Two of the most bankable subjects in popular science writing are Albert Einstein and Sigmund Freud. Although a tome examining ostensibly new aspects of one or the other is published every couple of years, this book may be the first to have both names in the title. Panek, who writes about science for the New York Times and Natural History magazine, examines Einstein's and Freud's careers to show that many of their era's epochal insights required a leap of faith beyond what could be demonstrated through empirical experimentation. Panek is best at discussing the many ways the search for the unseen manifested itself. Did Einstein and Freud embrace and advance this idea? Certainly. But Panek might just as well have focused on, say, Marie Curie and Carl Jung to make the same point, albeit with the loss of some celebrity-name recognition. Finally, the text would have profited from some editing; the chapters are long, continuous narratives, and some pacing and segmentation would have helped. Optional for public and undergraduate libraries.-Gregg Sapp, Science Lib., SUNY at Albany Copyright 2004 Reed Business Information.

Kirkus Reviews

A century ago, Einstein and Freud revolutionized science-largely, argues science writer Panek, by looking for hidden causes behind the surface of their respective disciplines. From the Renaissance through the 19th century, the author notes, the course of scientific advancement could be traced in terms of better instruments supplying new data. Galileo used the telescope to see new planets, Leeuwenhoek made similar use of the microscope to find unknown forms of life, and upon their observations, others like Newton and Darwin built new theoretical edifices. Panek (Seeing and Believing, 1998, etc.) portrays both Einstein and Freud as originally accepting the positivist dogma that direct observation, not speculative reasoning, was the hallmark of real science. But late-19th-century science was confronted by phenomena such as X-rays that could not be observed directly; no fine-tuning of earlier theory could accommodate them. Freud and Einstein were forced to postulate new entities, the unconscious mind and the curvature of space-time.

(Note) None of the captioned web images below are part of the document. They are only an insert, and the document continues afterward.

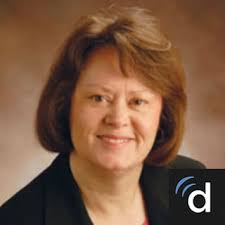 Dr. Mary Ann C. Henry, MD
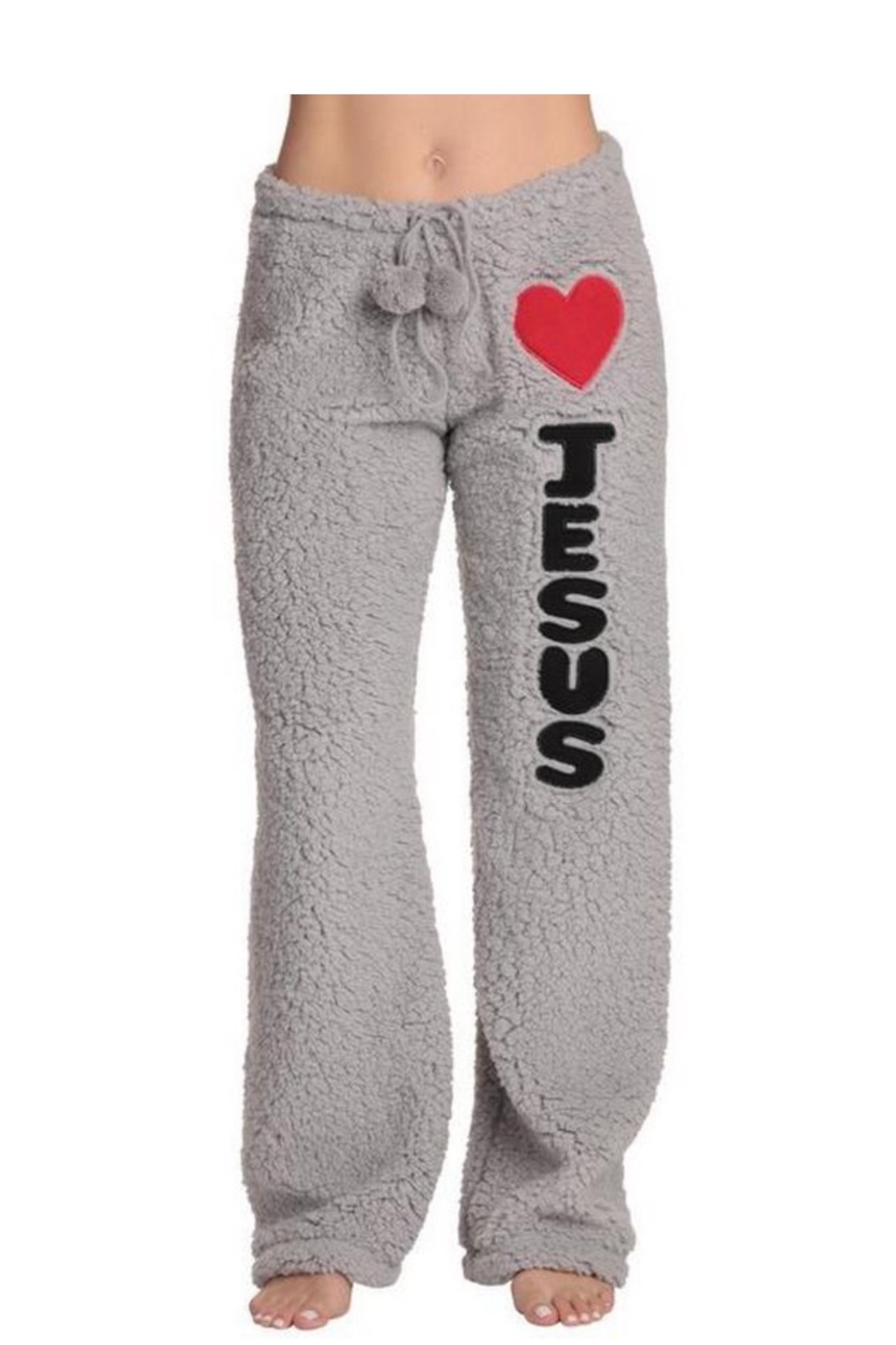 #LTKActive #LTKootd #LTKgrwm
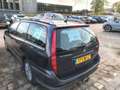 Citroen C5 2.0-16V L. Prestige Blauw - thumbnail 1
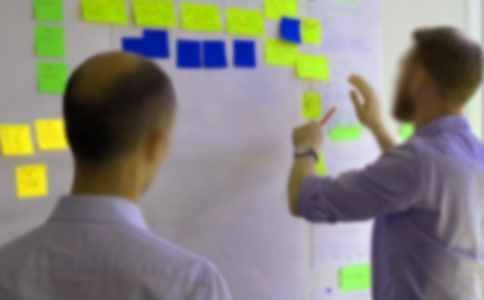 有關(guān)教師辭職報(bào)告范文合集7篇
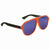 Gucci Havana Aviator Sunglasses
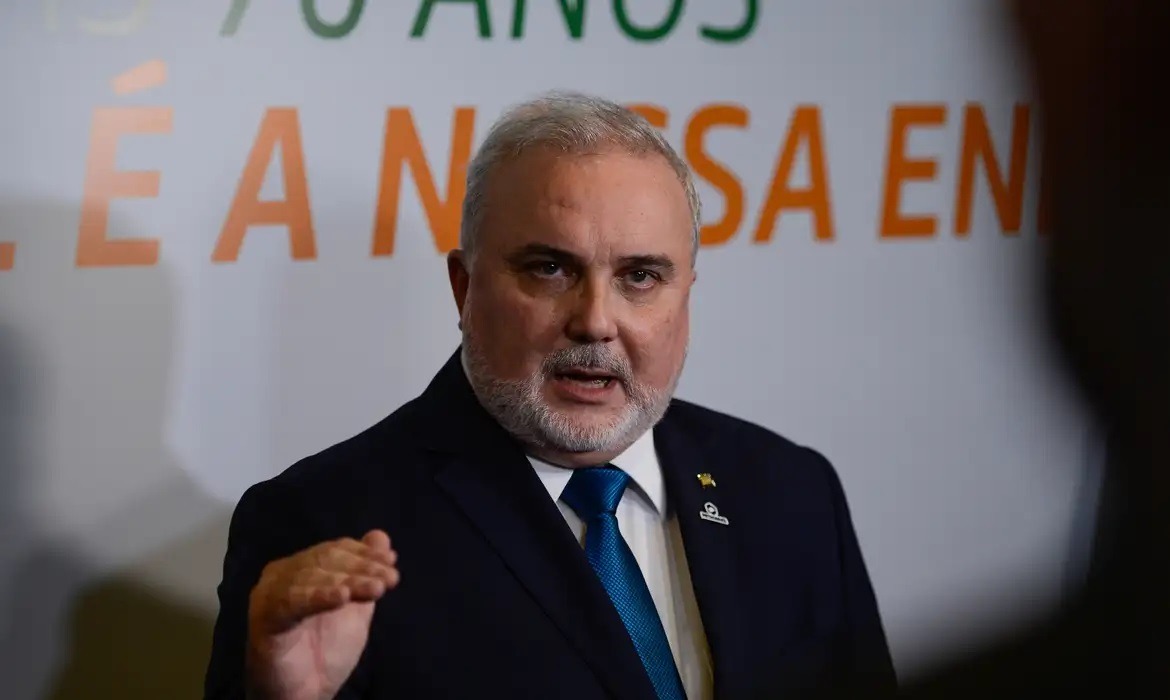 Demissão de Jean Paul agrava desprestígio do RN que ficou sem espaço no Governo Lula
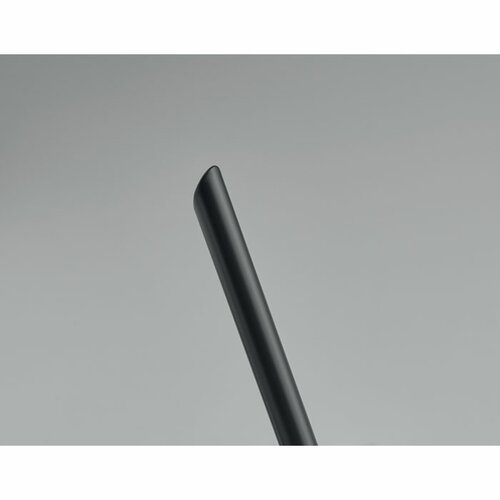 PENEVER Tintenloses Schreibgerät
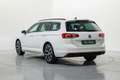 Volkswagen Passat Variant 2.0TDI EVO Executive DGS7 110kW Blanco - thumbnail 9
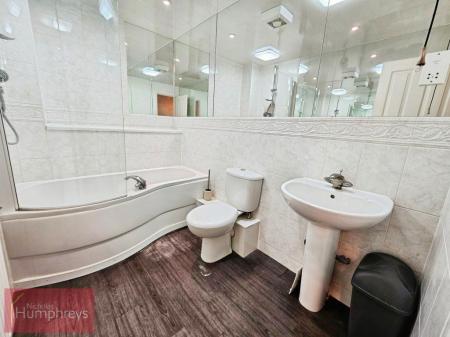 5 bedroom Property to let in Mosquito Way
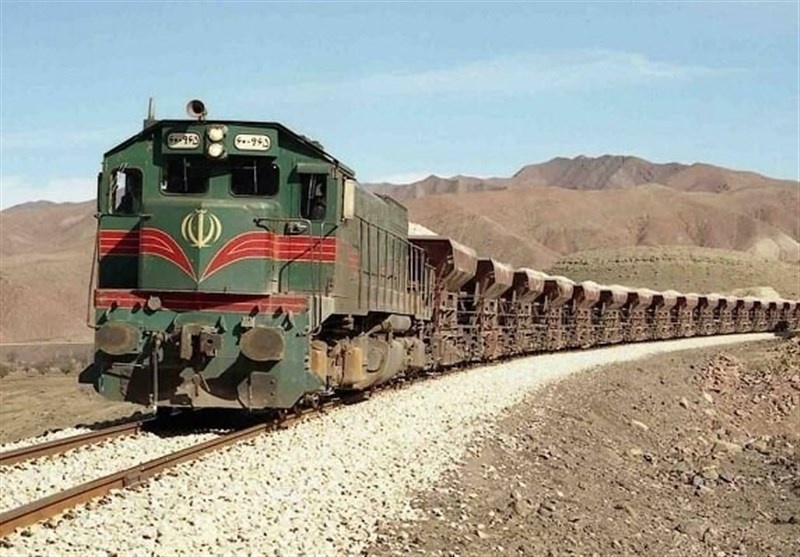 فروش بلیت فوق‌العاده قطار مشهد آغاز شد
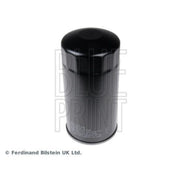 Blue Print Engine Oil Filter ADN12106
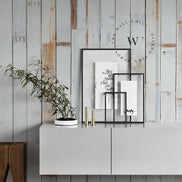 Grunge Wood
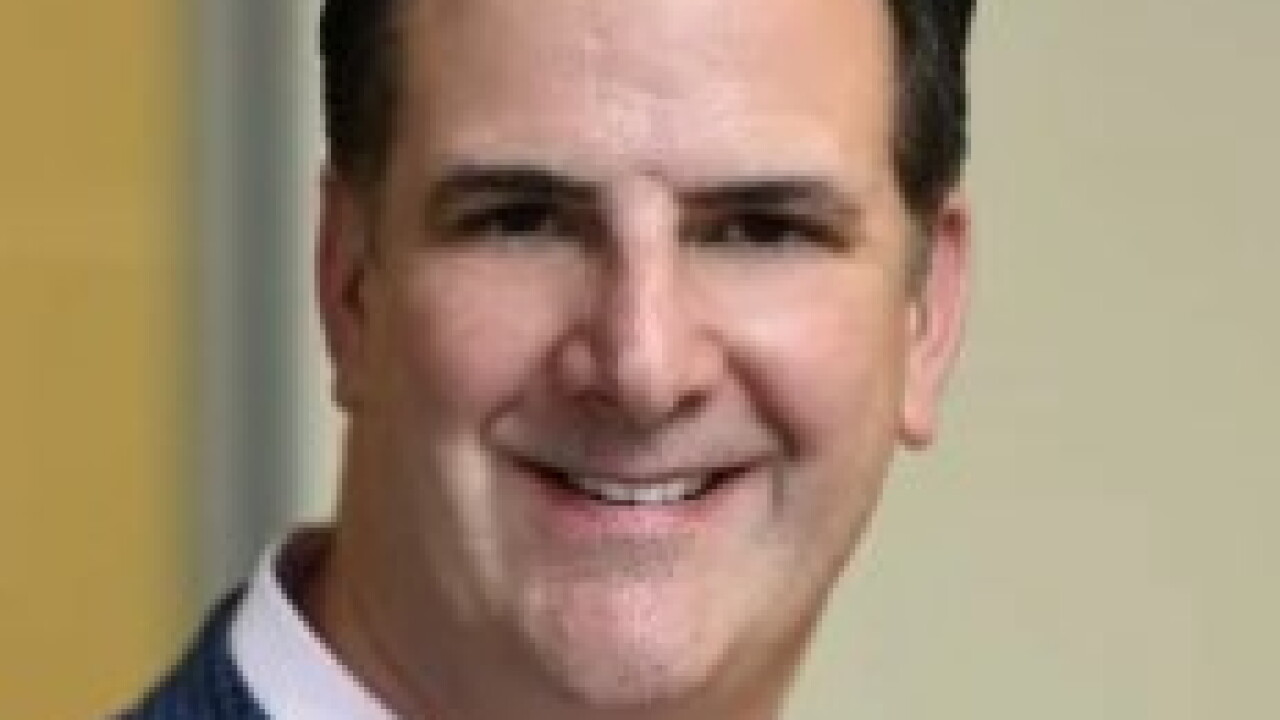 paul-rich-deloitte.jpg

While both men expected experimental results to validate their hypotheses and stood ready to revise their theories in the face of contradictory evidence, Panek credits their imaginative leaps beyond hard data with the creation of a new paradigm of how science works. A long final chapter asks how psychoanalysis fits the positivist model of science. To the argument that no experimental result can disprove Freud's theory of the mind, the author makes a slightly dodgy response: psychology remains an infant science, he contends; modern cosmology grew from equally speculative beginnings, and Freud made every attempt to tie his theories to specific case studies. Attimes, Panek seems determined to force the two men's careers into identical patterns, citing minor similarities as if they were proof of deep connections. Even so, the light he sheds on the historical context of their discoveries makes for fascinating reading.